Existe algo ainda a ser explicado na aliança entre Pimentel e Aécio. Ou será uma aliança de Lula e Aécio? A tese de apoio recíproco não se sustenta, pois o PT terá candidato presidencial em 2010. Alguém duvida disso? O PT comanda a capital desde 1993. Como tem uma gestão bem avaliada, a exclusão de seu nome da cabeça de chapa não tem o mesmo significado que a exclusão do PSDB. O único candidato competitivo do PSDB é Eduardo Azeredo, e seu nome já estava fora do páreo. O PT entra na aliança entregando espaços políticos e o PSDB entra na mesma aliança ocupando parte desses espaços. É assim mesmo, o PSDB ganha e o PT perde. E o PSB ganha de bandeja uma prefeitura importante.
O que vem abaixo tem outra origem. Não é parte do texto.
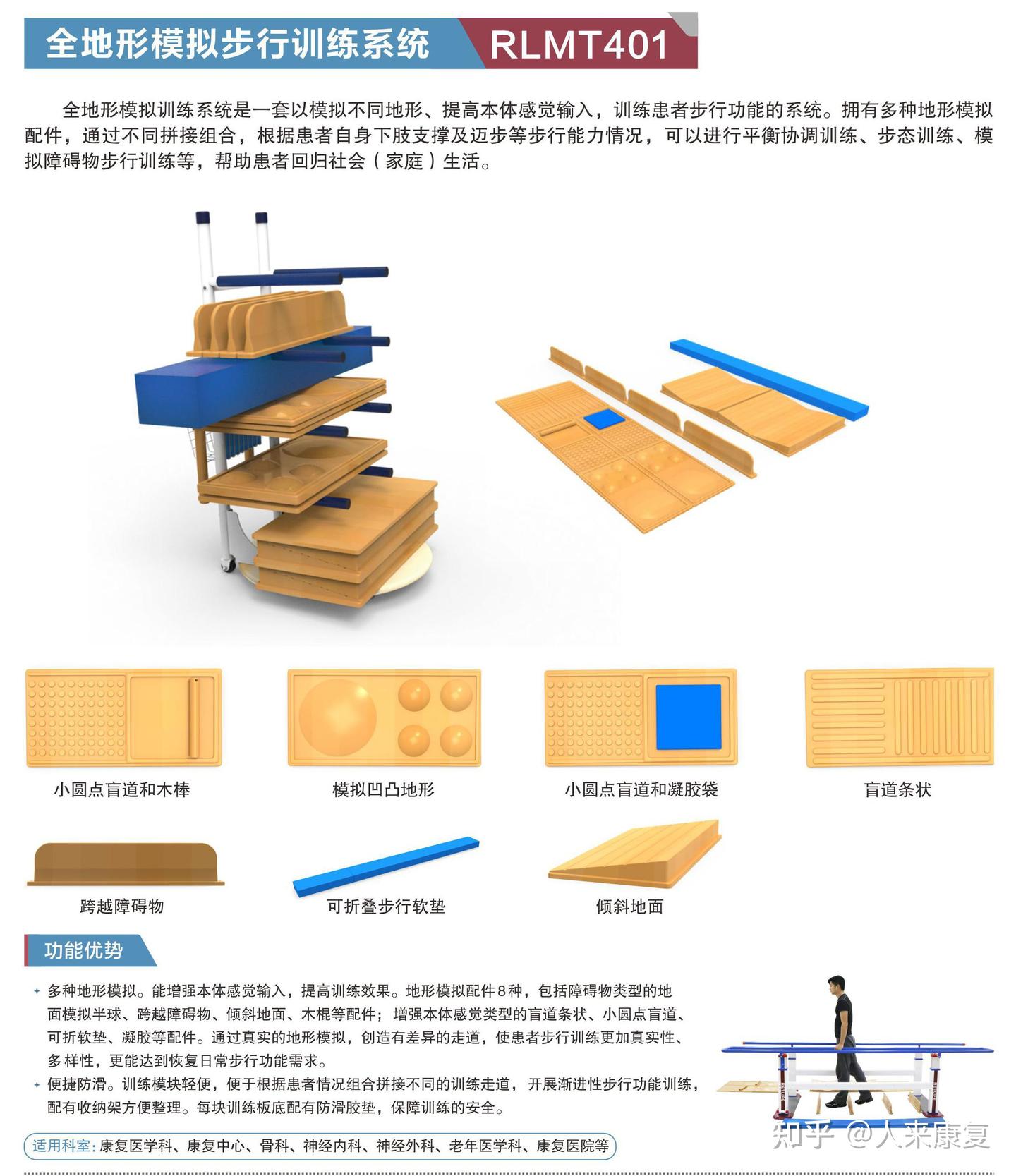脑卒中患者步行训练【人来康复】 - 知乎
A proposta de aliança PT-PSDB daria de forma indireta, na medida que o candidato seria do PSB com vice do PT. O PSDB seria contemplado com a futura participação no governo municipal. A idéia é de que o PSB seria um partido neutro, e com ligações com o PT. Será? É claro que o PSB é da base de sustentação do governo federal e historicamente tem ligações próximas com o PT. Na primeira administração petista, a aliança PT-PSB levou Patrus Ananias à prefeitura. Na eleição seguinte, o vitorioso foi Célio de Castro (PSB), com o PT ocupando os principais postos. Uma disputa interna dentro do PSB levou Célio de Castro e seu grupo a filiar ao PT, tendo sido reeleito em 2000 com Pimentel como vice. Após a saída do grupo de Célio de Castro do PSB, os caminhos dos dois partidos na capital nem sempre foi de convergência, como a candidatura oposicionista do ex-goleiro do Atlético de João Leite (PSB) em 2004.
Uma versão recorrente dentro do PT é que o PSDB aderiu à aliança que governa a cidade desde 1993। José Dirceu defendeu esta tese. Outros petistas foram na mesma linha. Não há nenhuma semelhança entre a aliança entre Patrus e Célio (PT-PSB) vitoriosa naquele ano e a aliança de agora. E como mostrei, não se pode dizer que há uma aliança entre PT-PSB desde 1993. Antes mesmo de 2000, o PSB não figurava mais entre os principais partidos da base de apoio do governo municipal. Na atual administração, isso fica mais evidente. A aliança torna protagonista o PSB, deixando de lado os partidos principais da base de sustentação do governo municipal. Perde o PT e seus aliados no município. Ganham o PSDB e o PSB. É o jogo.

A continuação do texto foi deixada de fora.